5. Adanya Perda No. 9 tahun 2010 tentang bangunan yang mensyaratkan Aksesibilitas dalam IMB.
6. Pemberdayaan difabel tidak hanya dilakukan oleh Dinas Sosial namun oleh Dinas yang lain, Dinas Koperasi UMKM ( pendampingan Koperasi difabel, permodalan UKM), Disnaker Pelatihan di BLK, Dishupinfokom pelatihan IT, Disperindag fasilitasi dengan Industri pemanfaatan kain Perca/BS, Dinas Kesehatan menyediakan kursi roda adaptif melalui Psioterafi yang sudah dilatih.
7.Terbentuknya Tim Monev Program Perlindungan dan Pemberdayaan DifabelBM) yang terdiri dari TP PKK, PMI, dan Stakeholder yang lain termasuk DPO ( organisasi Difabel)
8. Sukoharjo menjadi daerah yang dipercaya sebagai best practice untuk Program Perlindungan Sosial terhadap difabe oleh BAPPENAS, dan Pemerintah German melalui GIZ serta Pusat Kajian Disabilitas Universitas Indonesia.
Jadi Perlindungan Sosial terhadap Difabel bukan lagi menjadi tanggungjawab Dinas Sosial, difabelitas adalah persoalan semua orang karena semau orang tentu pernah dan akan difabel baik karena usia maupun penyakit serta kecelakaan, pada hakekatnya program pembangunan untuk semua termasuk difabel.

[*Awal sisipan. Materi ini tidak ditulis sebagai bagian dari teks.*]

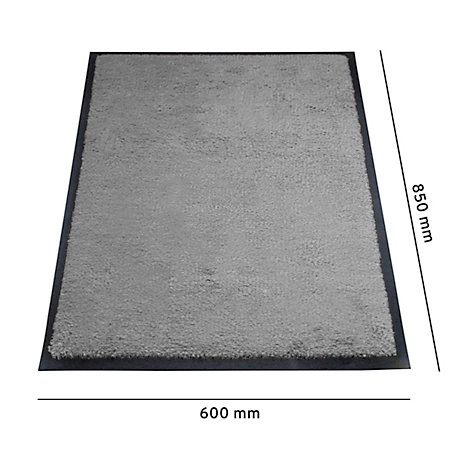 Lichtgrijze vloerkleed met donkergrijze rand, met afmetingen van 600 mm x 850 mm.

Dalam Perspektif pembangunan seharusnya orang dengan Difabelitas tidak dipandang disabiitasnya (Kecacatannya) namun harus di lihat dari abilitasnya (kemampuan) yang dimiliki, karena semau manusi pasti memiliki kemampuan berbeda-beda. Sehingga tidak lagi persoalan sosialnya saja yang menjadi persoalan namun juga persoalan lain pada umumnya.